Let wel, voor het werven, opleiden en trainen van tolken en vertalers is een relatief grote inspanning vereist. Ook is het lang niet altijd mogelijk om op deze manier in de behoefte te voorzien omdat er in Nederland bijvoorbeeld onvoldoende kennis en expertise voor handen is van een specifieke regio en taal.
Lokale inhuur
De behoefte aan tolken en vertalers wordt ook ingevuld aan de hand van inhuur via een tussenpersoon. Daarvoor zijn verschillende mogelijkheden:
• Een internationale organisatie. Zo betrekt Nederland tolken in Mali via de VN. In Afghanistan is gebruik gemaakt van de NATO Maintenance and Supply Agency (NAMSA) als tussenpersoon.

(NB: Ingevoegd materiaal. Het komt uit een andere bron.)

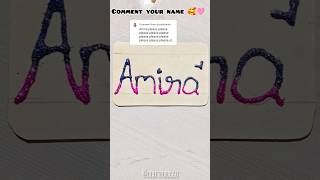 beautiful name writting💝#peparcraft #drawing #writing #ytshort #ytviral #trending #short #diyart #yt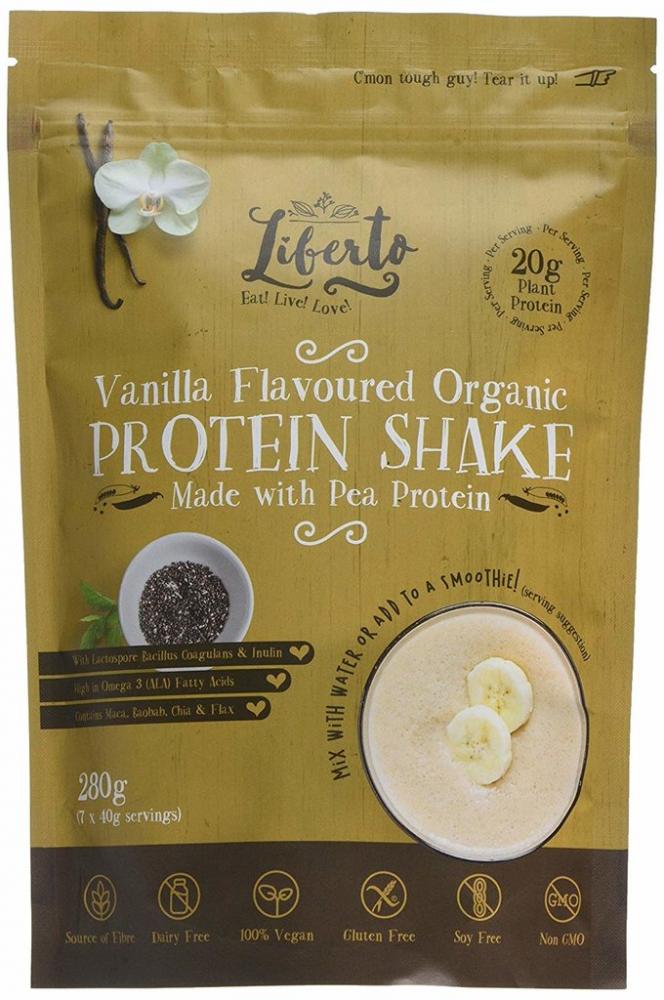 SALE  Liberto Organic Vanilla Flavoured Protein Shake 280g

• Een ander land. Zo kon Nederland in Kunduz gebruik maken van tolken via Duitsland. Zeker in missies waarin veel verschillende landen gelijktijdig actief zijn, is het gebruikelijk – en ook doelmatiger – om de inhuur van tijdelijk lokaal personeel te kanaliseren.
• Een privaat bedrijf. In Afghanistan heeft Nederland ook gebruik gemaakt van een contractor (International Management Services) voor de behoefte aan tolken.
In beginsel is het uiteraard ook mogelijk om zelf lokale tolken en vertalers op tijdelijke basis in dienst te nemen. Hiervan wordt in de praktijk nauwelijks of geen gebruik gemaakt. Gebrek aan kennis van de lokale arbeidsmarkt, en dus ook van het lokale arbeidsrecht, en de relatief hoge frequentie waarmee het uitgezonden Nederlandse personeel wisselt, maken het moeilijk om in een dergelijke situatie de werkgeversverplichtingen goed in te vullen. Dit geldt overigens niet alleen voor lokale tolken en vertalers, maar ook voor inhuur van lokaal personeel voor andere taken, zoals beveiliging, transport, bouw, schoonmaak, afvalverwerking en wasserij.
Bij elke vorm van tussenpersoon geldt dat lokaal personeel niet in dienst is van de Nederlandse overheid, maar van de tussenpersoon. De primaire verantwoordelijkheid voor personeelszorg ligt in dat geval bij die tussenpersoon. Het spreekt voor zich dat Defensie wel verantwoordelijk is, binnen de beperkingen die de situatie tijdens inzet met zich meebrengt, voor een zo veilig mogelijke werkomgeving. Ook moet er op worden toegezien dat tolken niet herkenbaar in beeld komen van de media. Daarnaast wordt er op gelet dat de tussenpersoon zijn verantwoordelijkheden als werkgever op behoorlijke wijze invult. Zo nodig wordt de tussenpersoon daarop aangesproken.
Als lokaal personeel in gevaar komt omdat zij voor de Nederlandse missie werken of hebben gewerkt, kunnen zij op steun rekenen. Hierbij heeft de tussenpersoon, als werkgever, allereerst een verantwoordelijkheid maar zo nodig neemt ook Nederland maatregelen. Asielaanvragen worden op individuele basis beoordeeld waarbij de specifieke situatie van betrokkene en de door hem gestelde gevolgen van zijn werkzaamheden voor Nederland, beoordeeld wordt tegen de achtergrond van de actuele situatie in het betrokken land. De hierbij gehanteerde procedure heeft de Staatssecretaris van Veiligheid en Justitie op 18 september jl. beschreven in zijn antwoorden op Kamervragen.1
In de bijlage2 treft u voorts een korte beschrijving van regelingen, voor zover bekend, van een aantal andere landen. Ondanks de verschillende benaderingen is een individuele beoordeling veelal het uitgangspunt om gebruik te kunnen maken van bepaalde regelingen. Hieraan zijn in de regel voorwaarden verbonden, zoals duur, plaats en aard van de werkzaamheden en de aanwezigheid van een concrete dreiging of risico dat betrokkene loopt als gevolg van het werk dat is verricht tijdens een missie.